Aku hanya menggigit bibir menyaksikan pemandangan di depanku. Seorang wanita muda, berpenampilan rapi dan sangat bersih bersama seorang bayi di gendongannya. Kalau tidak memperhatikan bola matanya yang nanar, tentulah orang tidak tahu kondisi dia yang sesungguhnya. Sama sekali tidak terlihat bahwa ia adalah seorang penderita sakit jiwa.
"Dia itu kenapa sich kak, kok bisa begitu?". Pertanyaan menyerbu seorang teman yang berdiri di sampingku.
"Dulunya dia itu sebenarnya gak separah itu, ya mungkin sekedar stress ringan, lalu ada seorang laki-laki yang memperkosanya."
"Ya Allah,,,,,,,, Astagrfirullahal`azhiim" Aku meringis.

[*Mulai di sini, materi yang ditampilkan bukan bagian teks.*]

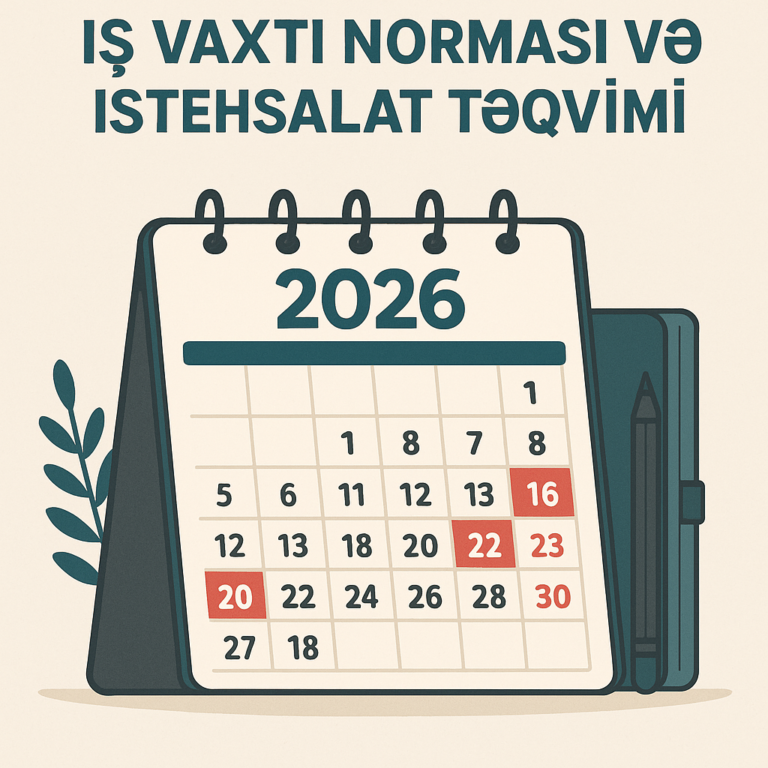 2026-ci il ucun is vaxti normasi ve istehsalat teqvimi tesdiqlendi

"Kok bisa sich ada orang setega itu.
Lalu dimana orang yang memperkosa itu sekarang, apa tidak ada sedikitpun rasa iba dihatinya menyaksikan kondisi wanita bersama bayi yang menderita ini????? Atau dia memang tidak pernah sekalipun menyaksikan, atau bahkan tidak pernah tahu akibat dari perbuatan kejinya itu. Bagaimana mungkin wanita malang itu bisa merawat bayinya dalam keadaan seperti itu.

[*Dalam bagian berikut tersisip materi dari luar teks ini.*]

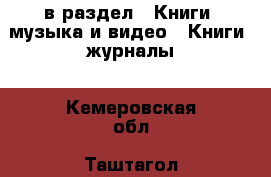  в раздел : Книги, музыка и видео » Книги, журналы . Кемеровская обл.,Таштагол г.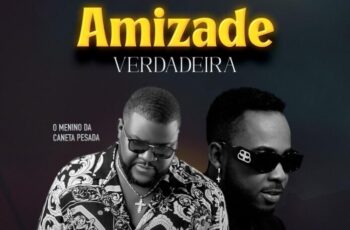 Mago de Sousa – Amizade Verdadeira (feat. Puto Português) [Baixar 2023]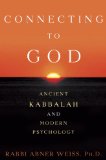 Connecting To God : Ancient Kabbalah And Modern Psychology [Click for larger image]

Ya Allah,,, seperti apa nasib bayi yang baru berusia 2.5 bulan itu. Seperih apa siangnya yang harus berpanas bersama matahari, tidak ada rumah tempat untuk berteduh. Malam-malam yang bergelut dengan angin. Tidak terhitung mungkin sudah berapa kali tubuh yang masih merah itu harus membiru karena menggigil menahankan dinginnya malam. Berpindah dari satu teras ke teras lain setiap harinya, sekedar mencari tempat untuk merebahkan badan. Sama sekali bukan untuk merehatkan badan dengan tenang. Lalu bagaimana ketika hujan turun Ya Allah……. Seperti apakah ibu dan bayi yang tidak berdosa itu harus bergulat dengan kedinginan yang menghadang. Mampukah mereka melewati hari-hari pahit yang tidak tahu pasti kapan akan berakhirnya.

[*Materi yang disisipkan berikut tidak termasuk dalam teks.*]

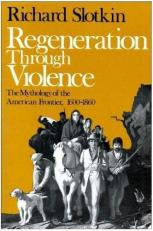 Regeneration Through Violence : The Mythology of the American Frontier, 1600-1860 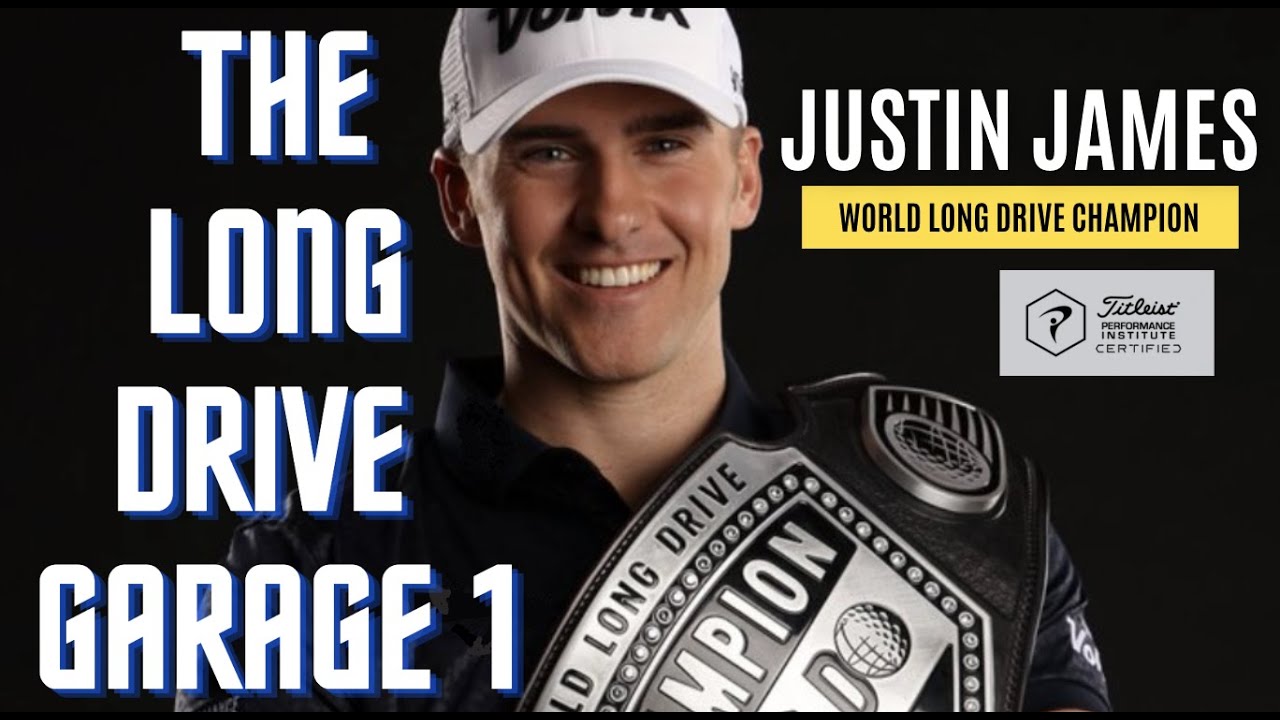The Long Drive Garage with World Champion Justin James - Home Work Out ...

Aku kembali memperhatikan sosok wanita dan bayi yang aku tidak tahu nama mereka itu. Kali ini ia kembali lewat di kawasan tempatku bekerja. Tapi tidak seperti biasanya, bayi yang ada dalam gendongganya tidak dipakaikan baju. Temanku yang waktu itu sudah menikah dan sedang memeiliki seorang bayi langsung berlari ke rumahnya mengambilkan baju anaknya untuk dipakaikan kepada bayi dari wanita tersebut. Tapi Ya Allah, lagi-lagi aku hanya mengurut dada, dia menolak untuk dipakaikan baju tersebut. Malah dia tidak berkenan untuk didekati, dan tidak menggubris sama sekali temanku yang menyodorkan baju tersebut. Apakah dia memang tidak tahu bahwa putra kesayanganya sangat membutuhkan baju tersebut. Atau mungkinkah dia takut dengan orang-orang disekelilingnya yang berusaha untuk mencuri bayinya seperti hari-hari sebelumnya. Dari cerita yang kudengar, memang sering orang-orang berusaha untuk mencuri bayi tersebut. Karena tidak tega melihat keadaanya yang setiap hari harus mengikuti arus kehidupan ibunya.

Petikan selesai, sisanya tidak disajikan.